Mordaunt was re-selected in January 2006 to contest Portsmouth North at the 2010 general election. At the election, she won the seat with an 8.6% swing from Labour, giving her a 7,289 majority. She was re-elected at the 2015, 2017, and 2019 general elections.

After her election in 2010, she was a member of the Public Bill Committee for the Defence Reform Act 2014. In Parliament, she has also previously sat on the Privacy and Injunctions (Joint Committee), the Defence Committee, the European Scrutiny Committee and the Committees on Arms Export Controls (formerly Quadripartite Committee).

In 2014, Mordaunt proposed the loyal address in reply to the Queen's speech from the throne.

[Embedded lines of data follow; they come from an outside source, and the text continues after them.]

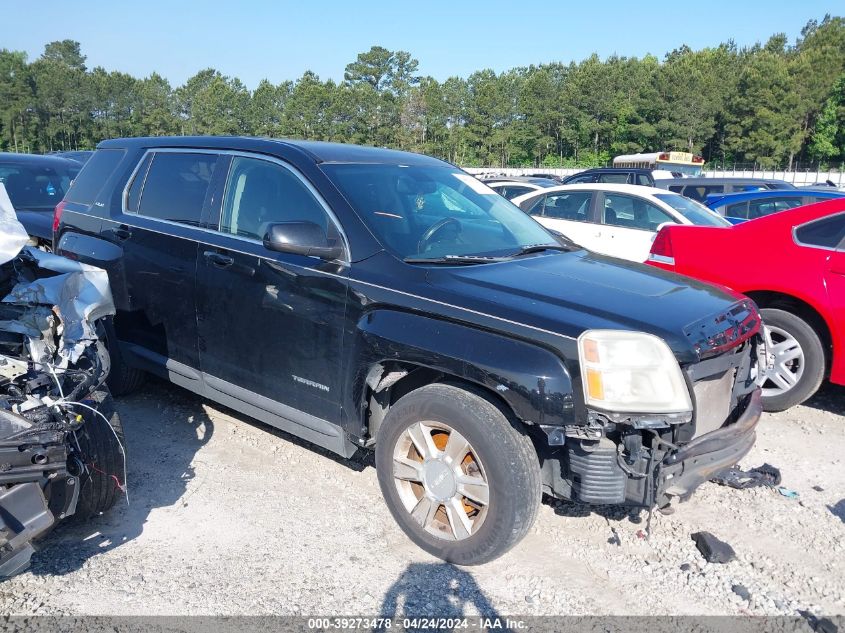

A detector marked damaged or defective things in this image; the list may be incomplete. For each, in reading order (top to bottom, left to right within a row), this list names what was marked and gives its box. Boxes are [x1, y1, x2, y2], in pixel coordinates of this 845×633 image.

damaged front end [0, 183, 122, 576]
damaged white car [0, 184, 123, 576]
crumpled hood [426, 249, 740, 362]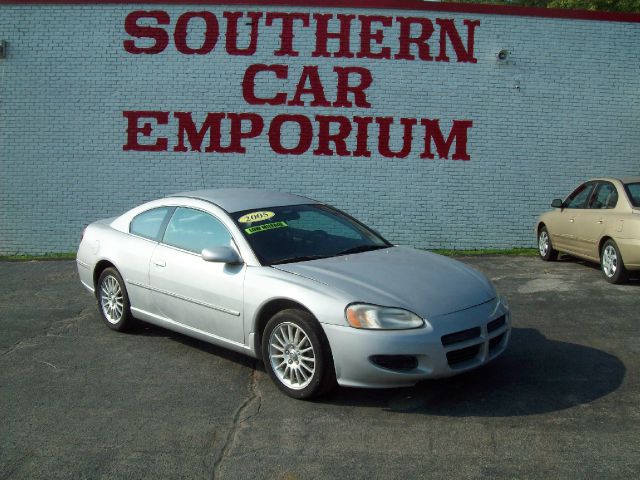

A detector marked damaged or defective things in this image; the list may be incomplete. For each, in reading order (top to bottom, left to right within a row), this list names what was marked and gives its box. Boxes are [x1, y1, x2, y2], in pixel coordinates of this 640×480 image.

pavement crack [212, 364, 262, 480]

When receiving the Speech of the Year award at The Spectator magazine's Parliamentarian of the Year Awards in November 2014, Mordaunt said that she had delivered a speech in the House of Commons just before the Easter recess in 2013 on poultry welfare so as to use the word "cock", as a forfeit for a misdemeanour during Naval Reserve training. She used the word "cock" six times and "lay" or "laid" five times. Following her comments, she was accused by Labour MP Kate Hoey of trivialising parliament.

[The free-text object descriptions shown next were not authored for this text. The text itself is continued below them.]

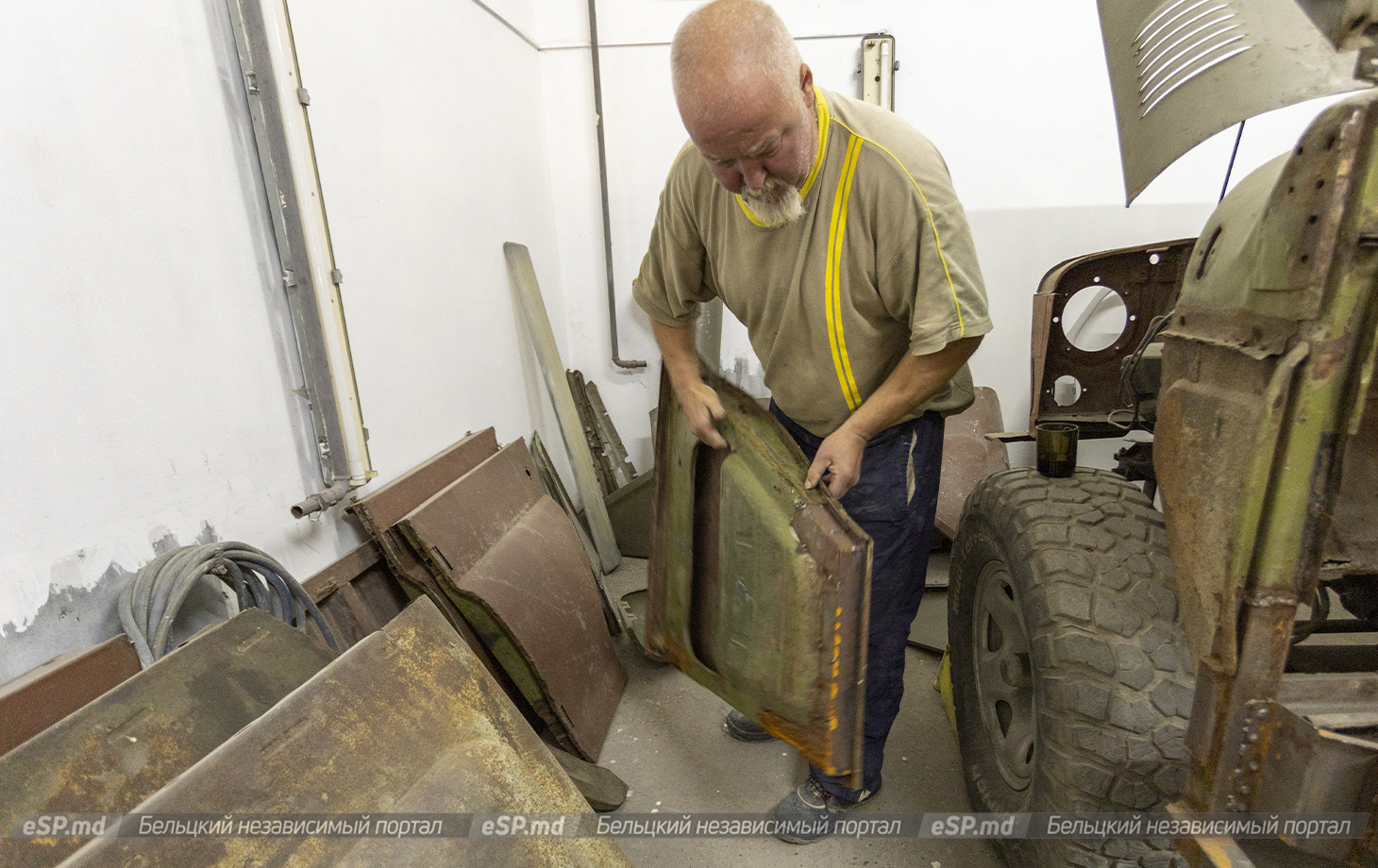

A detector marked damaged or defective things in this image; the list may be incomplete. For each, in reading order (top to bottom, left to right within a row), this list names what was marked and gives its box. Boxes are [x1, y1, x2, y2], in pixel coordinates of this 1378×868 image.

rusty metal sheet [0, 633, 141, 760]
rusty metal sheet [0, 611, 333, 868]
rusty green metal panel [0, 611, 333, 868]
rusty green metal panel [52, 600, 633, 865]
rusty metal sheet [53, 597, 633, 868]
rusty metal sheet [300, 540, 411, 650]
rusty metal sheet [391, 446, 622, 765]
rusty metal sheet [647, 366, 865, 788]
rusty green metal panel [647, 369, 865, 788]
rusty metal sheet [931, 388, 1008, 545]
rusty metal sheet [1035, 240, 1196, 438]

Ministerial career: 2014–2017
Mordaunt was appointed Parliamentary Under-Secretary of State for Decentralisation at the Department for Communities and Local Government by Prime Minister David Cameron in the 2014 cabinet reshuffle.

During Mordaunt's time as Parliamentary Under-Secretary for Decentralisation, she was accused by the Fire Brigades Union "of misleading MPs over assurances given to firefighters from fire authorities regarding what would happen to their pensions if they fail fitness tests". This dispute led to strike action by firefighters over the increase of retirement age.

Mordaunt was appointed Minister of State for the Armed Forces in May 2015, becoming the first woman to hold the post. Major Robert Campbell, who was investigated and exonerated over the death of an Iraqi in 2003, criticised Mordaunt for backing the Iraq Historic Allegations Team while she was Armed Forces Minister, stating: "Now she is depicting herself as the armed forces champion but she never did anything for me. She needs to apologise for how we were treated. She failed us as armed forces champion."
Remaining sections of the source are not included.